What lea Actually Does
The lea instruction —Load Effective Address —computes a memory address and stores it in a register, without actually accessing memory. It supports the full x86 addressing mode syntax:
[base + index * scale + displacement]
where scale can be 1, 2, 4, or 8. The hardware treats this as an arithmetic expression, not a memory reference. The result is written to any register you choose.
For our addition problem, this means:
lea eax, [rdi + rsi]
This computes rdi + rsi and writes the result to eax —a three-operand addition in one instruction, with neither source register modified.
Why Compilers Prefer lea
When GCC or Clang compiles the add(int a, int b) function above, the output is typically:
lea eax, [rdi + rsi]
ret
The benefits are concrete:
Fewer instructions. One lea replaces a mov followed by an add. Smaller code means better instruction cache utilization and less decode pressure.
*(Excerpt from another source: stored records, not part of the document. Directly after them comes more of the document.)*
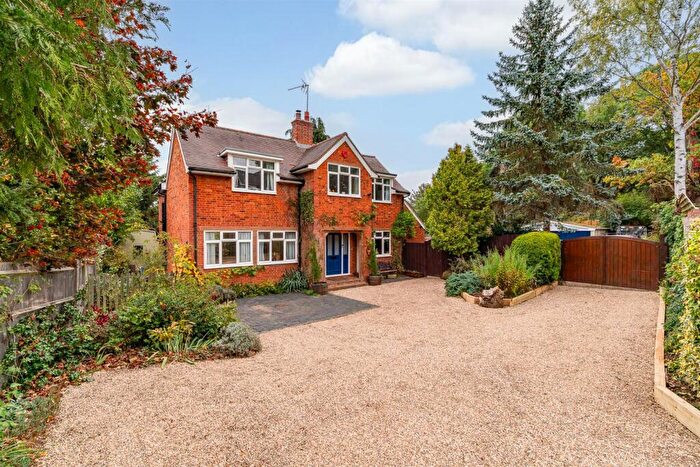 4 Bedroom Detached House For Sale In Digswell Lane, Welwyn, AL6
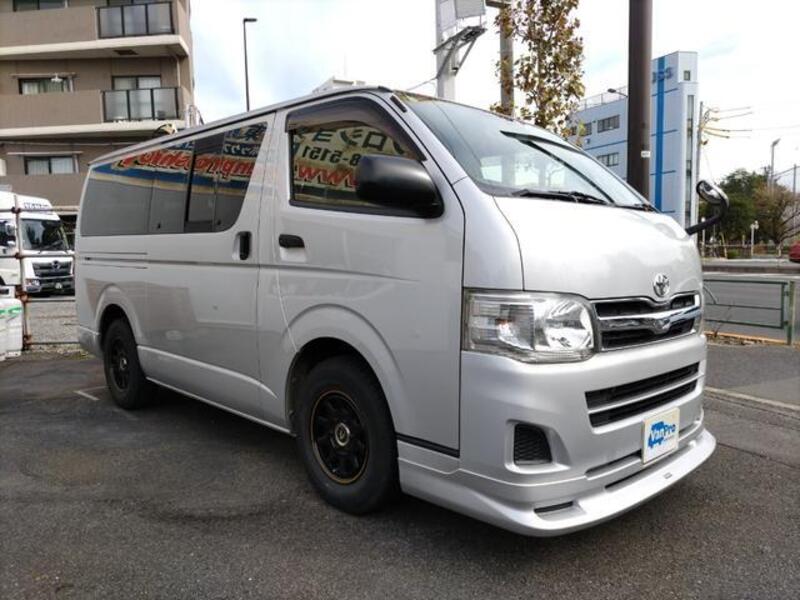 HIACE VAN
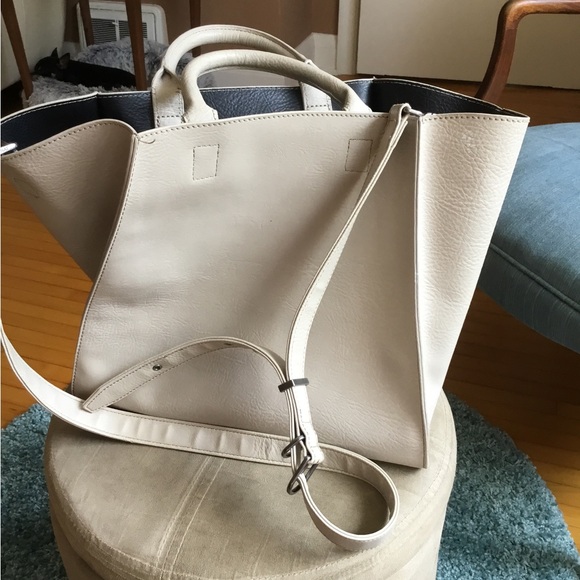 Matt and Nat Loyal Vegan Tote Bag- Dwell - Picture 4 of 6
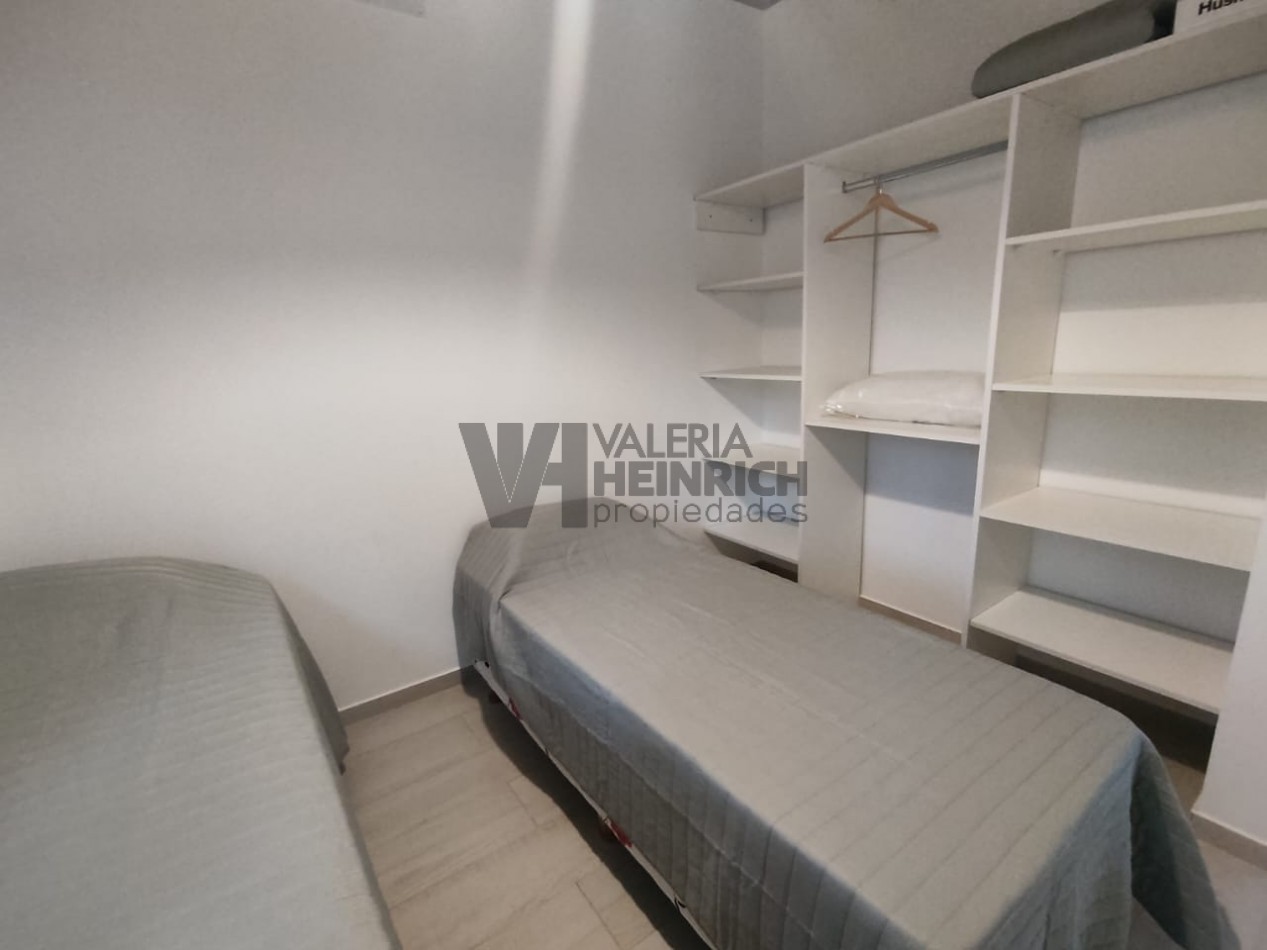 Alquiler y Venta Casa Villarobles con piscina 6 pax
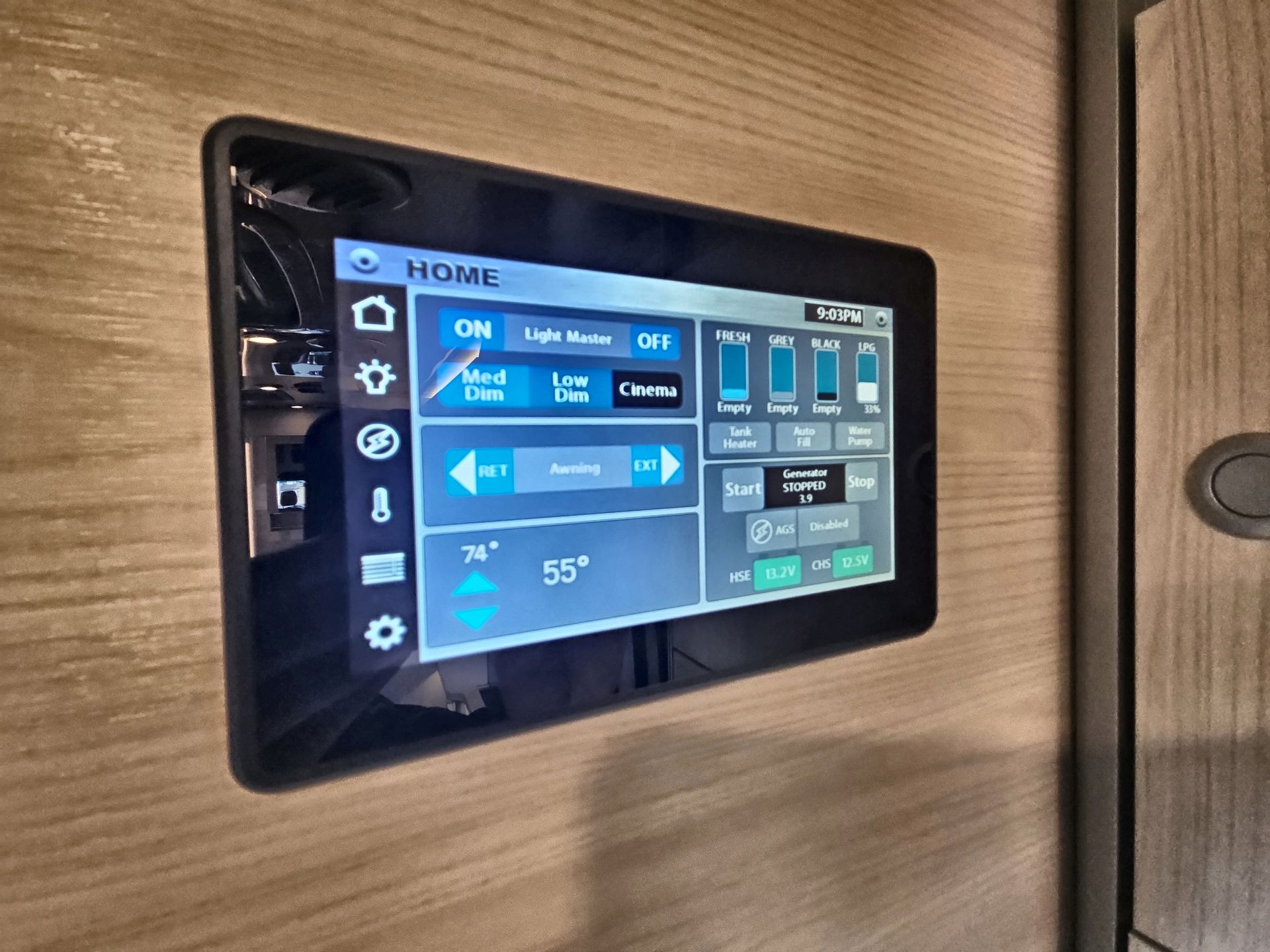 2026 Airstream 30RBT Base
Sources are preserved. Neither rdi nor rsi is touched. If the caller needs those values later, the compiler does not have to save and restore them, or rearrange the computation.
An independent destination. The result lands in eax directly. No temporaries, no spills.
Hardware support. Modern x86 processors have dedicated execution units for address generation. lea is typically a single-cycle operation and can be issued in parallel with other instructions on superscalar cores.
One subtlety: the operands use 64-bit registers (rdi, rsi) even though int is 32-bit. This is intentional. Writing a 32-bit result into eax automatically zeros the upper 32 bits of rax, satisfying the x86-64 convention without an extra mov or masking step.
Beyond Simple Addition
The addressing mode syntax gives lea more expressive power than plain add:
| Expression | Assembly |
|---|---|
a + b | lea eax, [rdi + rsi] |
a + b * 2 | lea eax, [rdi + rsi*2] |
a + b * 4 + 10 | lea eax, [rdi + rsi*4 + 10] |
x * 5 (i.e., x + x*4) | lea eax, [rdi + rdi*4] |
This makes lea useful for multiplying by small constants that happen to be one more than a power of two: 3, 5, 9. Compilers use this frequently for array index calculations and strength reduction in loops.
The Broader Point
The lea trick is a good example of how compiler backends exploit architectural details that are invisible at the source level. The C code return a + b gives no hint that anything unusual is happening. The compiler’s target-specific code generator knows the instruction set well enough to recognize that lea is the right tool here —not because it is doing address computation, but because its addressing hardware happens to implement the arithmetic the program needs.
This is one reason why hand-optimizing assembly is harder than it looks. Matching or beating a modern compiler requires knowing not just what an instruction does semantically, but how the hardware executes it, and what alternatives exist across the full instruction set.